-- DATASET RECORDS follows --
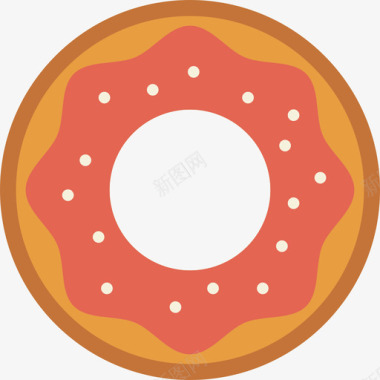 甜甜圈咖啡店26扁平图标图标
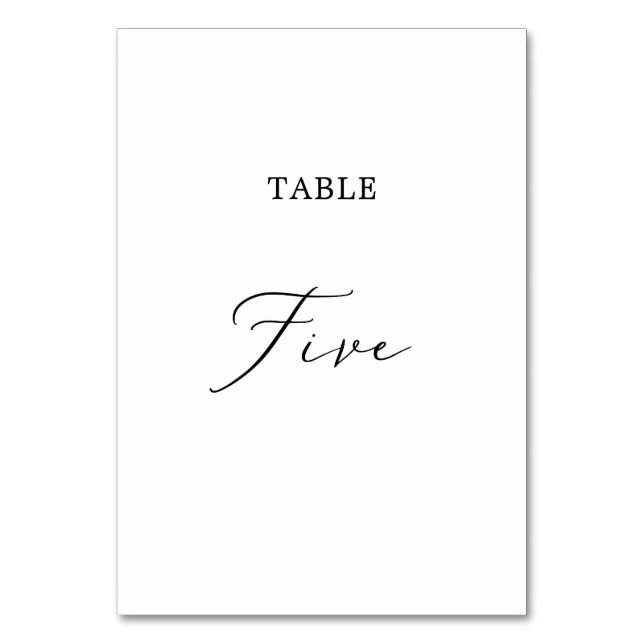 Delicate Black Calligraphy Table Five Table Number (Front)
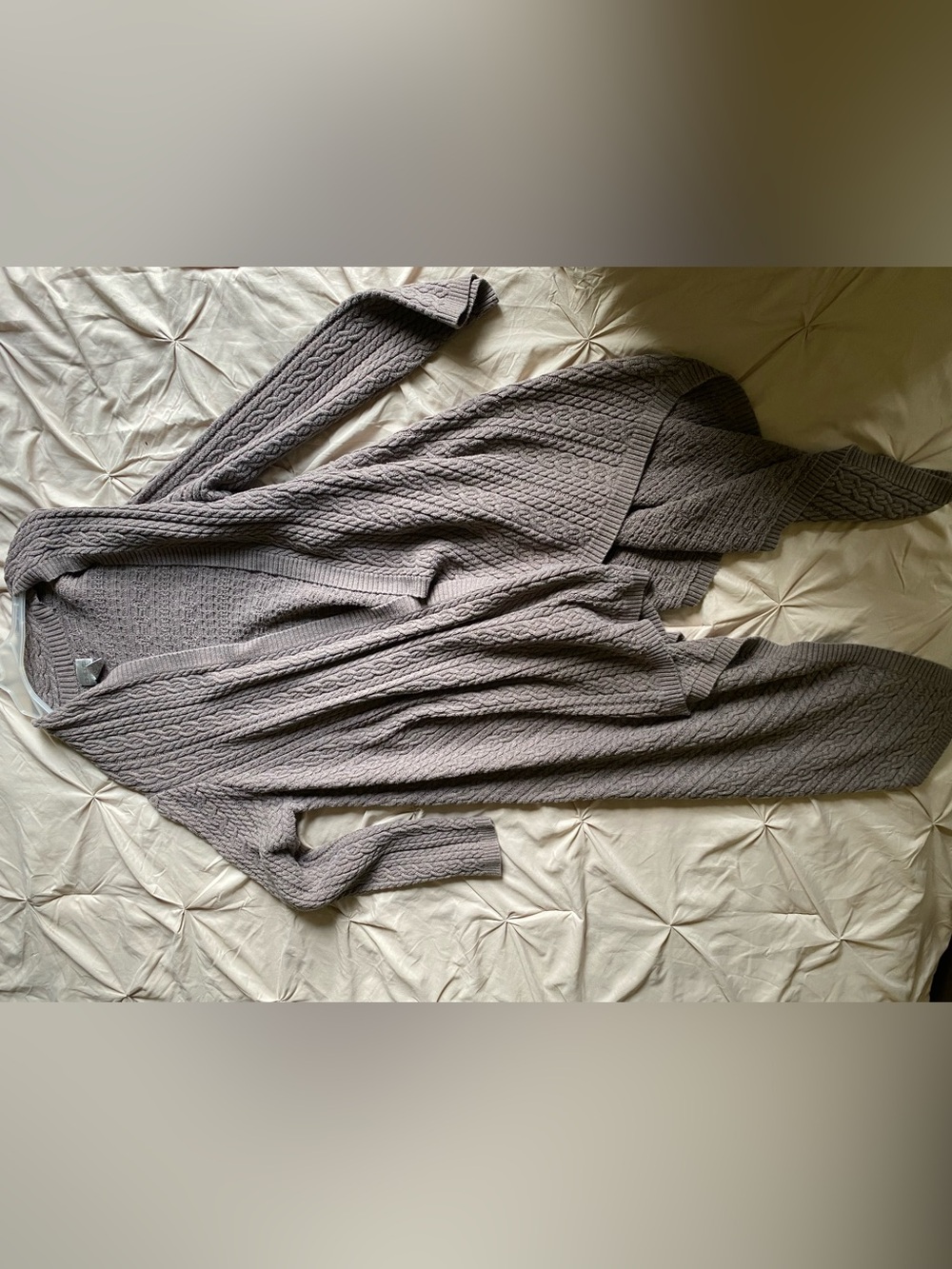 Chico's Taupe Cable-Knit Hooded Cardigan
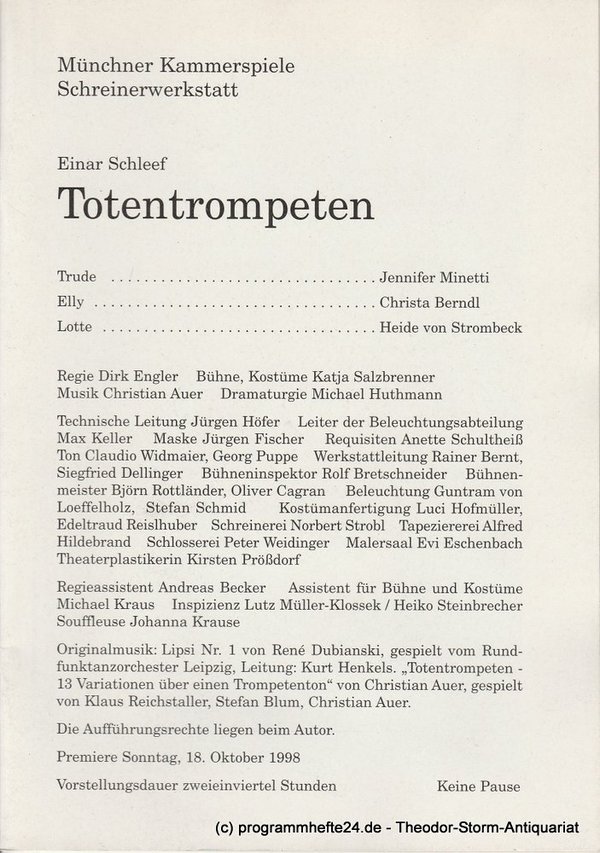 Programmheft TOTENTROMPETEN Einar Schleef Münchner Kammerspiele 1998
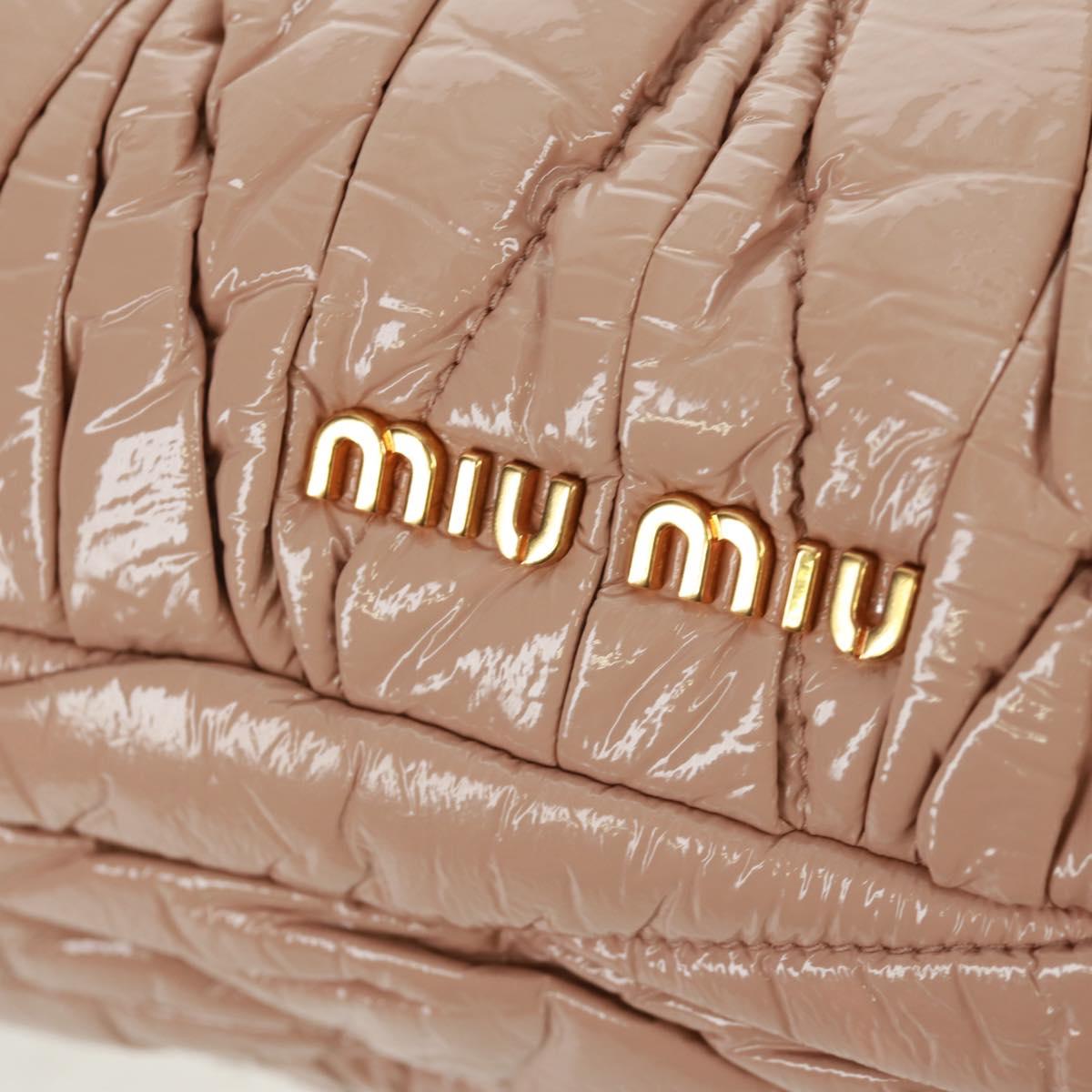 Miu Miu Hand Bag Patent leather 2way Pink Gold Auth am10466V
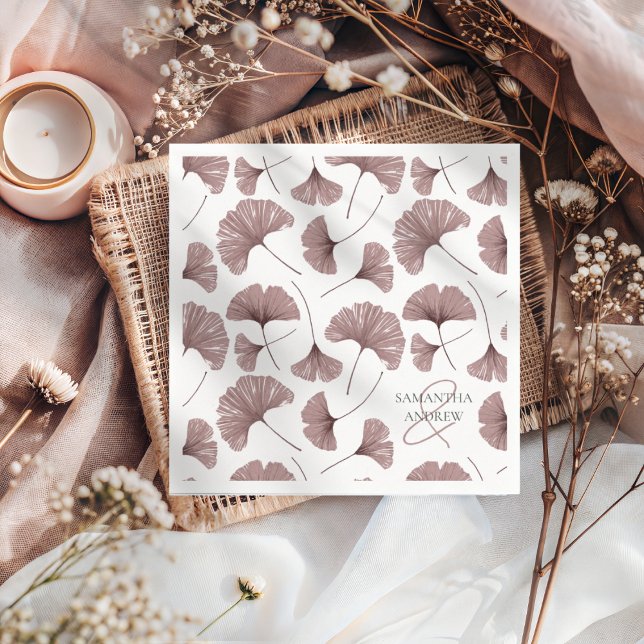 Servilleta De Papel Patrón de follaje de Ginkgo rosado moderno (Subido por el creador)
-- DATASET RECORDS concluded --
» **DESCRIPTION OF THE TASK**
Word for word, restate all of the entries above and leave each picture out.

» **EXERCISE SOLUTION**
 甜甜圈咖啡店26扁平图标图标
 Delicate Black Calligraphy Table Five Table Number (Front)
 Chico's Taupe Cable-Knit Hooded Cardigan
 Programmheft TOTENTROMPETEN Einar Schleef Münchner Kammerspiele 1998
 Miu Miu Hand Bag Patent leather 2way Pink Gold Auth am10466V
 Servilleta De Papel Patrón de follaje de Ginkgo rosado moderno (Subido por el creador)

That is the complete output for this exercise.